Zionmoose
Zionmoose

Reputation: 73

Oracle select records based on a min date where min date between

My SQL currently looks like this.

SELECT t1.field1,
       t1.field2,
       t1.field3,
       t1.field4,
       t1.field5,
       t1.field6,
       t1.field7,
       t1.field8,
       t2.field1,
       t2.field2,
       t2.field3,
       t2.field4,
       t2.field5,
       t2.field6,
       t2.field7,
       t2.field8,
       t2.field9,
       t3.field1,
       t4.field1,
       t5.field1,
       SUM(t6.field1),
       MIN(t6.THEDATE) 

  FROM table1 t1
    LEFT JOIN table2 t2
      ON t1.field2 = t2.sameFieldName
      LEFT JOIN table3 t3
        ON t2.field9 = t3.sameFieldName
        LEFT JOIN table4 t4
          ON t1.field2 = t4.sameFieldName
          AND t2.field1 = t4.sameFieldName
          LEFT JOIN table5 t5
            ON t4.field1 = t5.sameFieldName
            LEFT JOIN table6 t6
              ON t4.field1 = t6.sameFieldName
              AND t4.colName1 = t6.sameFieldName

  WHERE t6.THEDATE BETWEEN SYSDATE - 70 AND SYSDATE - 50
    AND t1.field2 = 'SUBMIT'
    AND t1.field3 LIKE 'H%'

  GROUP BY t1.field1,
           t1.field2,
           t1.field3,
           t1.field4,
           t1.field5,
           t1.field6,
           t1.field7,
           t1.field8,
           t2.field1,
           t2.field2,
           t2.field3,
           t2.field4,
           t2.field5,
           t2.field6,
           t2.field7,
           t2.field8,
           t2.field9,
           t3.field1,
           t4.field1,
           t5.field1;

The problem I have is I need to select with the condition based on the min date. But doing it this way will "show" the min date, but it will filter records based on whatever the last "theDate" value is.

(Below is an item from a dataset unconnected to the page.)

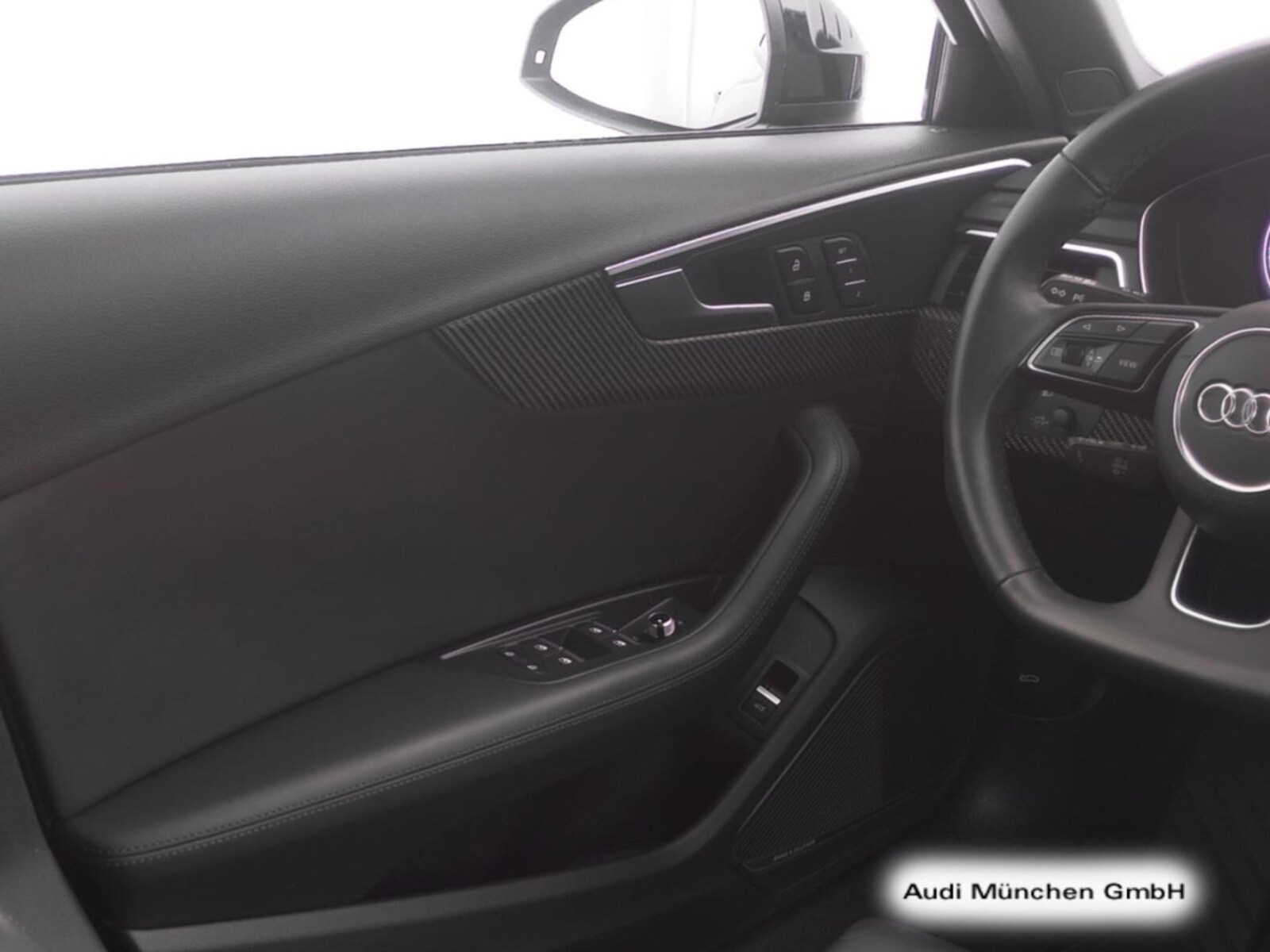 Audi A4 allroad quattro – Bild 14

I know you cannot use agg functions in the where clause because the where only operates on a single record. So how can I get something that would work like this?

SELECT *, sum(somthing), min(theDate)
FROM Table
WHERE min(theDate) BETWEEN SYSDATE - 70 AND SYSDATE - 50
GROUP BY <<<ALL GROUP COLUMNS>>>

Upvotes: 0

Views: 12329

Answers (4)

KevinKirkpatrick
KevinKirkpatrick

Reputation: 1456

The main performance drain may be unnecessary columns in GROUP BY. This can happen if your Table refers to a denormalized table:

EMP (EMP_ID*, DEPT_ID, DEPT_NAME, SAL, THEDATE)

or if Table refers to a join, e.g.

EMP(EMP_ID*, DEPT_ID, SAL, THEDATE)
DEPT(DEPT_ID*, DEPT_NAME)

"Table" == EMP JOIN DEPT USING (DEPT_ID)

In either case, the query:

SELECT DEPT_ID, DEPT_NAME, SUM(SAL), MIN(THEDATE)
FROM   EMP
GROUP BY DEPT_ID, DEPT_NAME
HAVING MIN(THEDATE) >= SYSDATE-70 AND MIN(THEDATE) < SYSDATE-50;

will experience all the overhead of grouping the DEPT_NAME, even though DEPT_NAME will always have same value for a given DEPT_ID. In other words, DEPT_ID is a candidate key of the selected columns. If the "*" in your SELECT *, SUM(whatever) has one or more candidate keys (commonly all of the "_ID" columns) that determine unique values for all other columns, then it will be far more efficient to do something like this:

SELECT DEPT_ID, MAX(DEPT_NAME) DEPT_NAME, SUM(SAL), MIN(THEDATE)
FROM   EMP USING (DEPT_ID)
GROUP BY DEPT_ID
HAVING MIN(THEDATE) >= SYSDATE-70 AND MIN(THEDATE) < SYSDATE-50;

The performance difference can be especially dramatic if your dependent columns are long strings.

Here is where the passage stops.